ACTIVITY :: Print only the lines from the one with "Contoh RPH Pemulihan Kemahiran 2 | PDF" through the end of the data, exactly, and please omit pictures.

== DATA SEGMENT ==

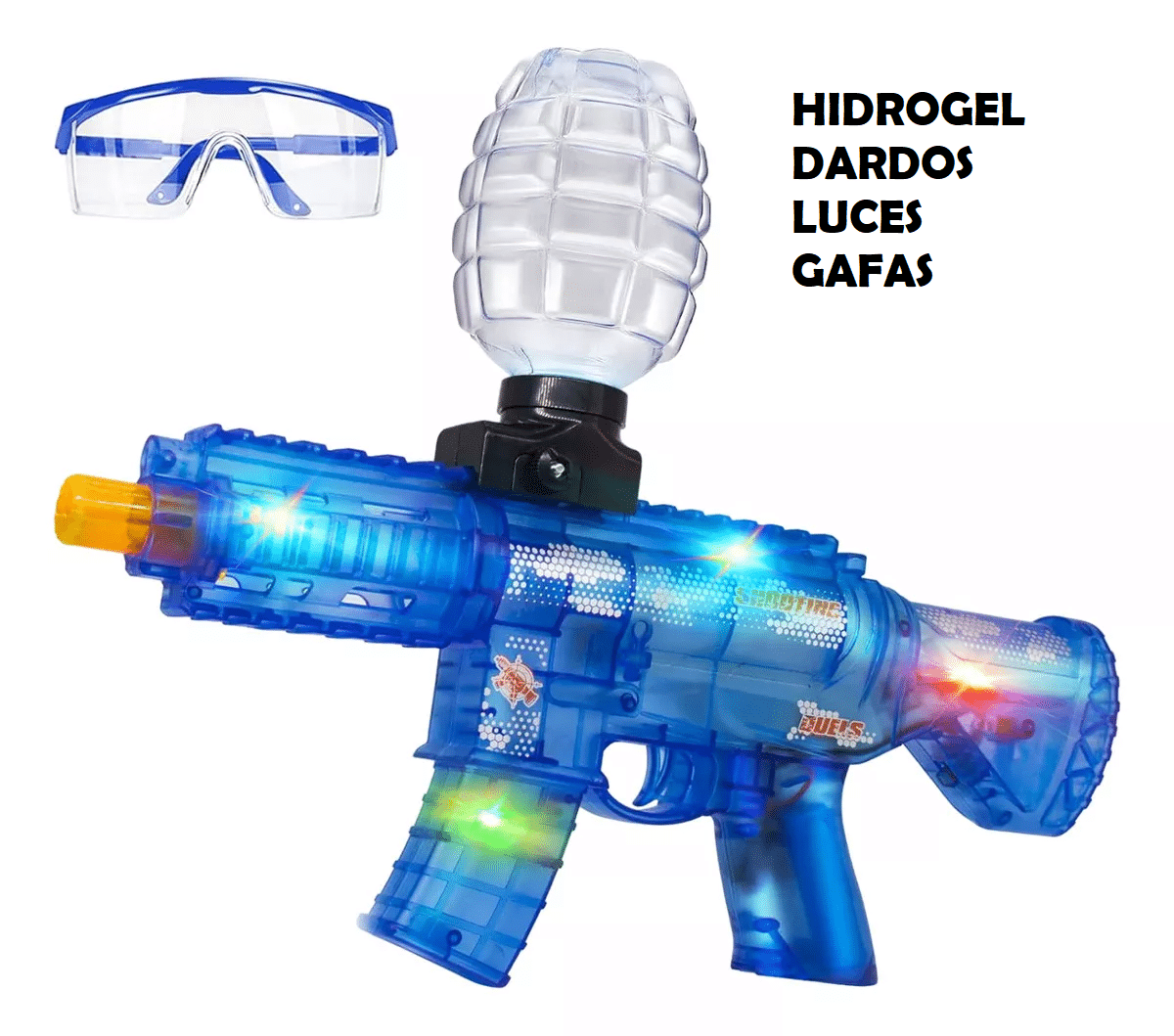 JUGUETE LANZA Dardos Y Balas De Hidrogel Con Luces Akm-47 - Imagen 3
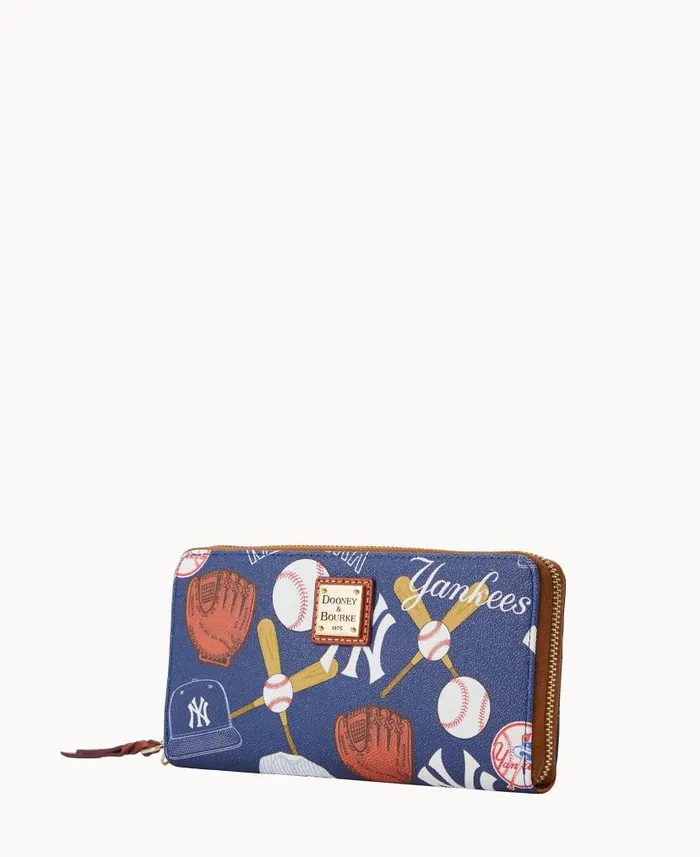 Dooney and Bourke MLB Yankees Large Zip Around Wristlet Yankees WomenMen Wallets Dooney and Bourke MLB Yankees Large Zip Around Wristlet Yankees WomenMen Wallets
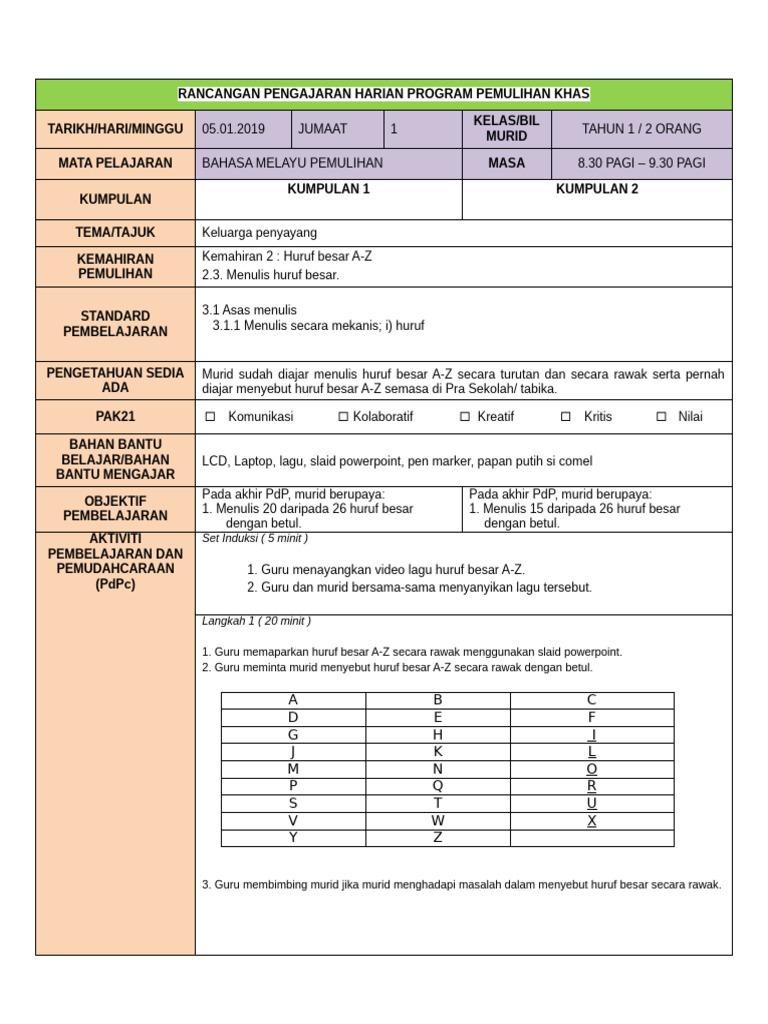 Contoh RPH Pemulihan Kemahiran 2 | PDF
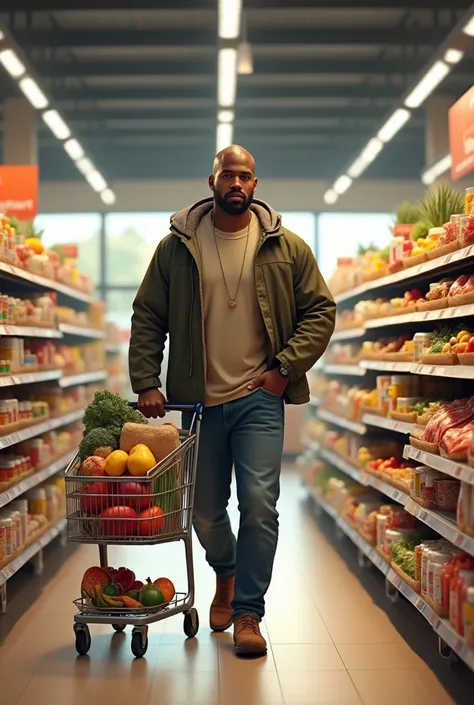 Dwayne and buy more food at the supermarket,(( well detailed ))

===

EXERCISE ANSWER ::
 Contoh RPH Pemulihan Kemahiran 2 | PDF
 Dwayne and buy more food at the supermarket,(( well detailed ))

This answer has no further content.